↓↓↓

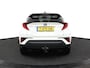 Toyota C-HR / C-HR+ 1.8 Hybrid Executive | Leder bekleding | Apple Carplay/Android Auto | Navigatie | Trekhaak |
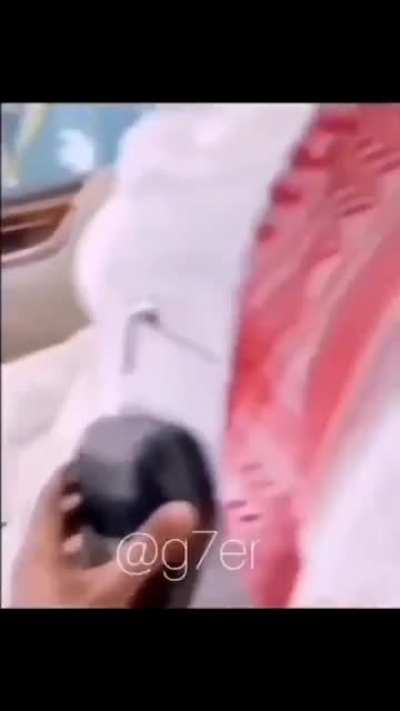NoOoOoOo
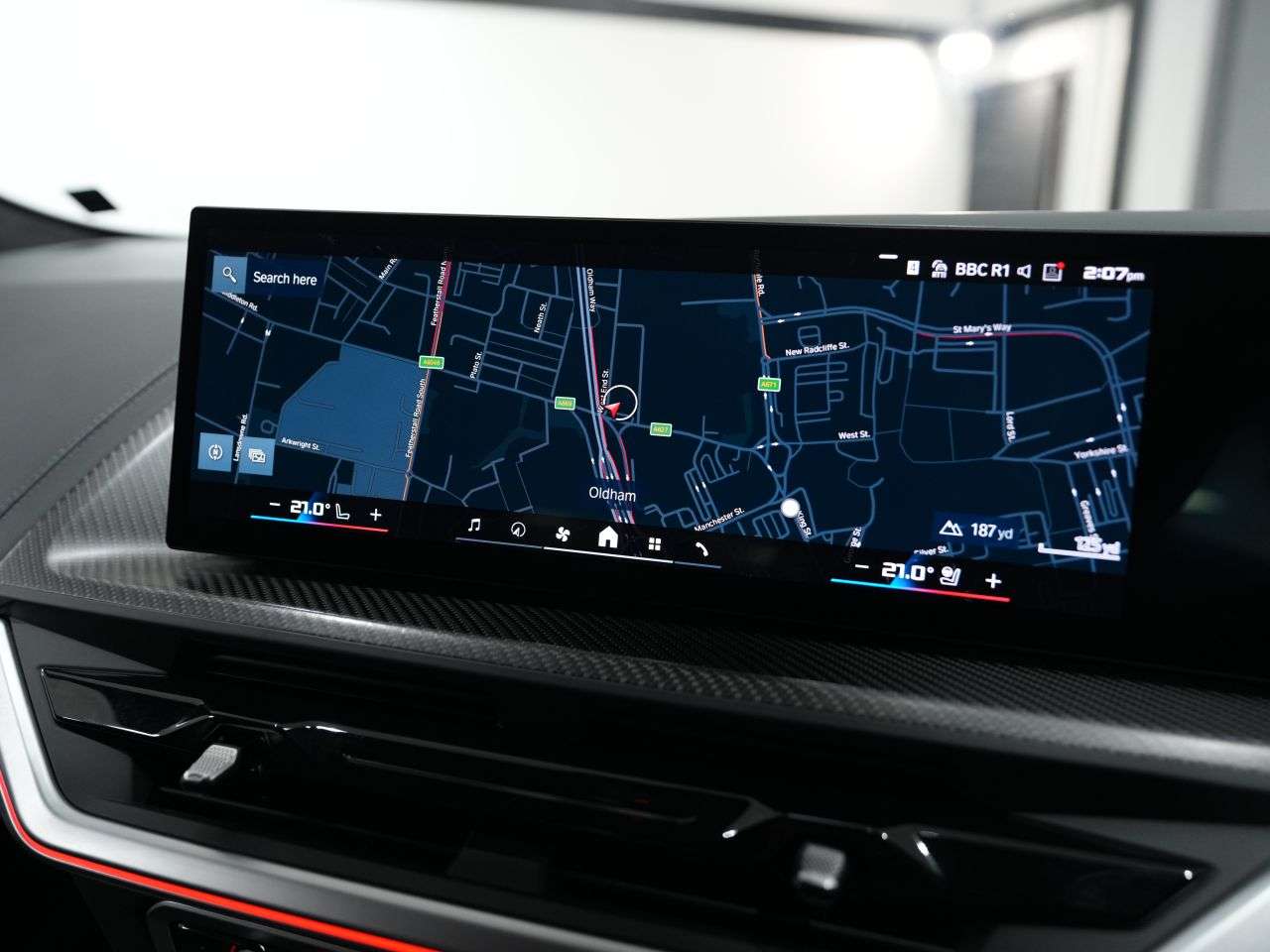 2024 BMW XM 2024 BMW XM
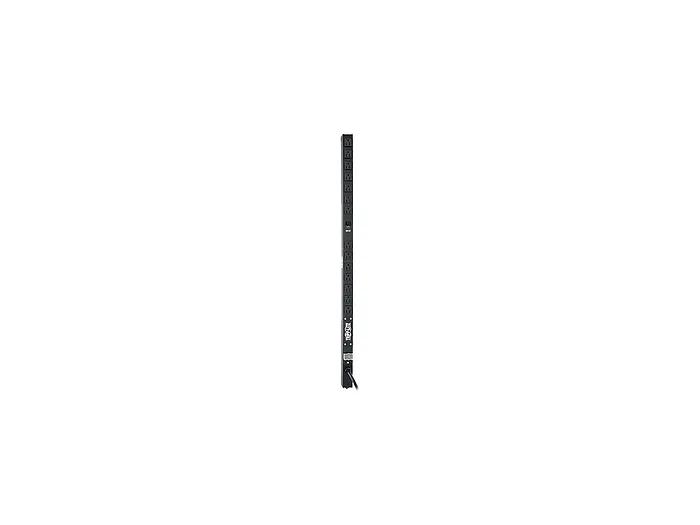 Eaton Tripplite-PDUMV15-36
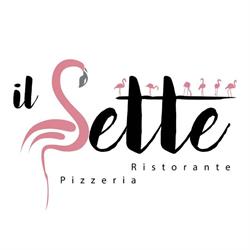 Il Sette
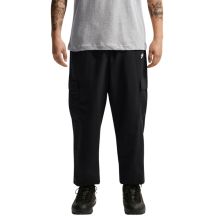 Nike Club Men's Pants Black HJ1990 010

↑↑↑

INSTRUCTIONS FOR THE TASK =
With the pictures left out, give again exactly the lines from the one with "2024 BMW XM 2024 BMW XM" through the end of the data, both included.

WRITTEN SOLUTION =
 2024 BMW XM 2024 BMW XM
 Eaton Tripplite-PDUMV15-36
 Il Sette
 Nike Club Men's Pants Black HJ1990 010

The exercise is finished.